The Qluster SDK lets you write custom validation, correction, and enrichment rules that run inside the Qluster data pipeline. You subclass Rule, declare metadata and typed parameters, and implement an apply() method that inspects each row and returns a RuleResult.

Installation

pip install qluster_sdk

Quick Start

import uuid
from pydantic import BaseModel, Field
from qluster_sdk import Rule, RuleMetadata, RuleResult, Issue


# 1. Define typed parameters for your rule
class PriceShoesParams(BaseModel):
    max_price: float = Field(..., description="Any price >= this will be flagged.")
    correction_strategy: str = Field(
        "cap", description="Either 'cap' or 'quarantine'"
    )


# 2. Subclass Rule
class PriceShoesRule(Rule):
    """Flags shoes priced above a threshold; optionally caps the price."""

    metadata = RuleMetadata(release="0.0.1")
    ParamsModel = PriceShoesParams

    def apply(self, row) -> RuleResult:
        price = row.get("price")
        ptype = row.get("product_type")

        if ptype == "shoes" and price is not None and price >= self.params.max_price:
            reason = f"Price {price} exceeds maximum {self.params.max_price}"
            issue = Issue(
                dataset_rule_id=self.dataset_rule_id,
                issue_reason=reason,
                field_names=["price"],
            )

            corrections = {}
            mods = {}
            if self.params.correction_strategy == "cap":
                capped = self.params.max_price
                corrections["price"] = capped
                mods["price"] = f"Corrected price from {price} to {capped}"

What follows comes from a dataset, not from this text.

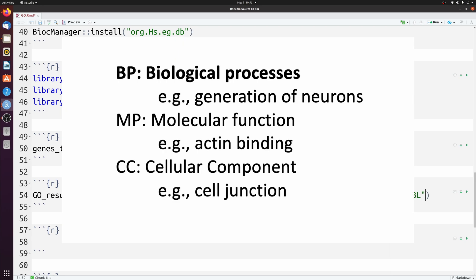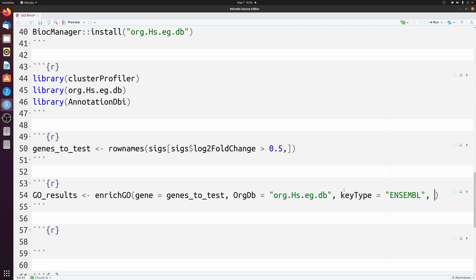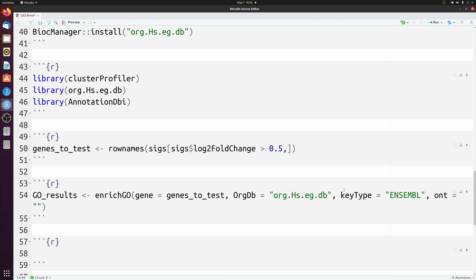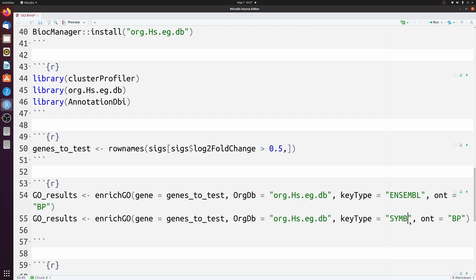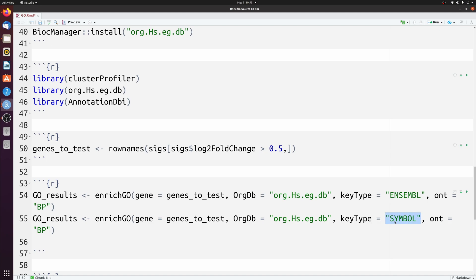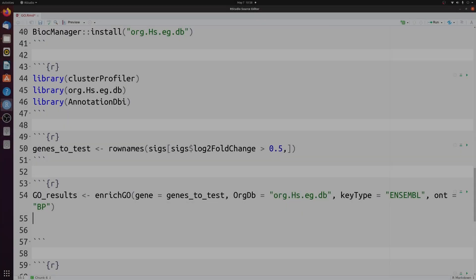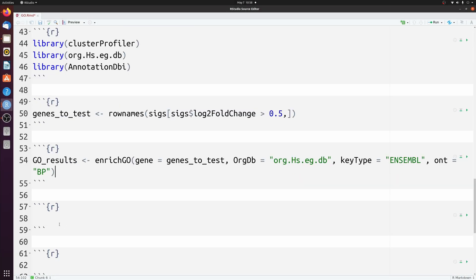There are three different classes of gene ontology. Usually BP, or Biological Processes, is the one you really care about — the others are rarely that informative. So we pass ont, or ontology, as BP. If you cared about the others, you could pass those too. If you had gene symbols instead, you would change the key type to SYMBOL. For Entrez IDs, change it to ENTREZID. For mouse, change the database to org.Mm.eg.db. Anyway, let's run this — it takes about 30 seconds.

            return RuleResult(
                issues=[issue],
                corrections=corrections,
                modification_reasons_per_field=mods,
            )

        return RuleResult()


# 3. Instantiate and run
rule = PriceShoesRule(
    dataset_rule_id=uuid.uuid4(),
    params={"max_price": 100.0, "correction_strategy": "cap"},
)
result = rule.check({"product_type": "shoes", "price": 150.0})
print(result.corrections)  # {"price": 100.0}

Key Concepts

Rule

The base class for all rules. Every rule must define:

  • ParamsModel -- a Pydantic BaseModel subclass that declares the rule's configuration parameters.
  • metadata -- a RuleMetadata instance declaring the rule's semantic version, which columns it reads, validates, corrects, or enriches, and the allowed alert actions.
  • apply(row) -> RuleResult -- the per-row logic. Access columns via row["field_name"] or row.get("field_name").

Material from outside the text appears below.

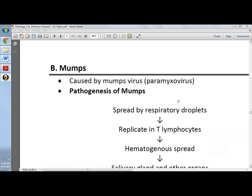Mumps is caused by the mumps virus, which is classified as a paramyxovirus. The pathogenesis of mumps includes spread by respiratory droplets — if someone sneezes or coughs at you,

The rule's name is auto-generated from the class name (e.g. PriceShoesRule becomes "price-shoes-rule"). You can set it explicitly with a class attribute name = "my-rule".

RuleResult

Returned by apply(). Contains:

  • issues -- list of Issue objects (blockers or warnings).
  • corrections -- dict[str, Any] of field-to-new-value mappings applied first.
  • enrichments -- dict[str, Any] of field-to-new-value mappings applied second.
  • modification_reasons_per_field -- dict[str, str] explaining each modification.

Issue

Describes a single problem found in a row:

  • issue_reason -- human-readable description shown to the SME.
  • field_names -- which field(s) caused the issue.
  • severity -- IssueSeverity.blocker (quarantines the row) or IssueSeverity.warning.
  • issue_type -- categorizes the issue (default: IssueType.rule_validation).
  • suggested_values_per_field -- optional suggestions for each field.
  • allowed_alert_actions -- optional per-issue override of the rule's default alert actions.

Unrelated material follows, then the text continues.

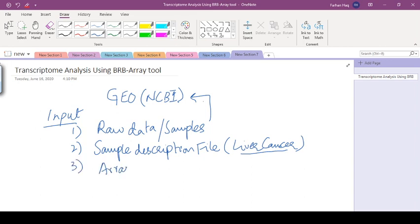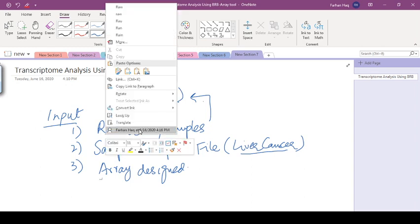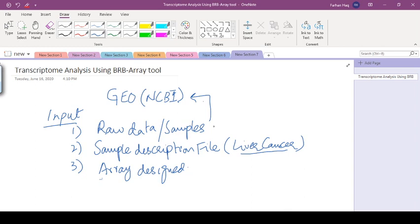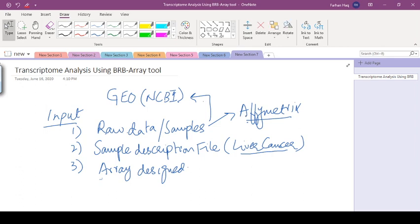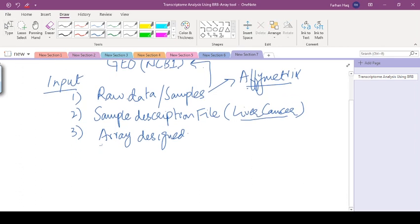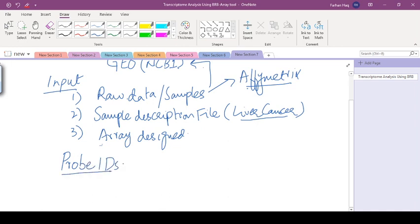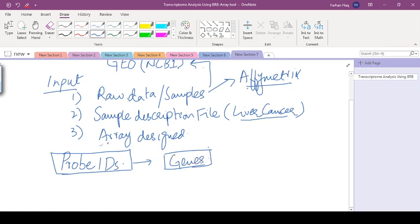The third main thing which is required as an input is the array design. This array design is actually the description of this raw data. For example, if we are using Affymetrix platform, the design of that array. The arrays are actually designed; these platforms Affymetrix and all the different other microarray chips like Illumina, BeChip, or Agilent, are organized in a raw form as the probe IDs, probe identifiers. Actually, these probe IDs are associated with different genes. This array design contains the information of these probe IDs and gene information.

RowProxy and Column Mapping

Rules access data through a RowProxy, which transparently remaps logical field names to actual dataset column names. When creating a rule instance, pass a rule_column_mapping:

mapping = {"price": "product_price", "name": "item_name"}
rule = MyRule(dataset_rule_id, params, rule_column_mapping=mapping)

# In apply(), row["price"] returns the value from the "product_price" column
result = rule.check(raw_row)

Call rule.check(raw_row) (not apply() directly) to get automatic column remapping on both input and output.

ExecutionContext

Available as self.ctx inside apply(). Provides deterministic, replay-safe utilities:

  • self.ctx.now_utc -- pinned UTC timestamp for the job. Use instead of datetime.now().
  • self.ctx.seed -- integer seed for deterministic randomness.
  • self.ctx.rng_for(key, stream) -- deterministic random.Random instance.
  • self.ctx.uuid_for(*parts, stream) -- deterministic UUID5 generation.
  • self.ctx.locale / self.ctx.timezone -- locale and timezone for the job.

Running Tests

pip install -e ".[dev]"
pytest tests/

License

MIT -- see LICENSE for details.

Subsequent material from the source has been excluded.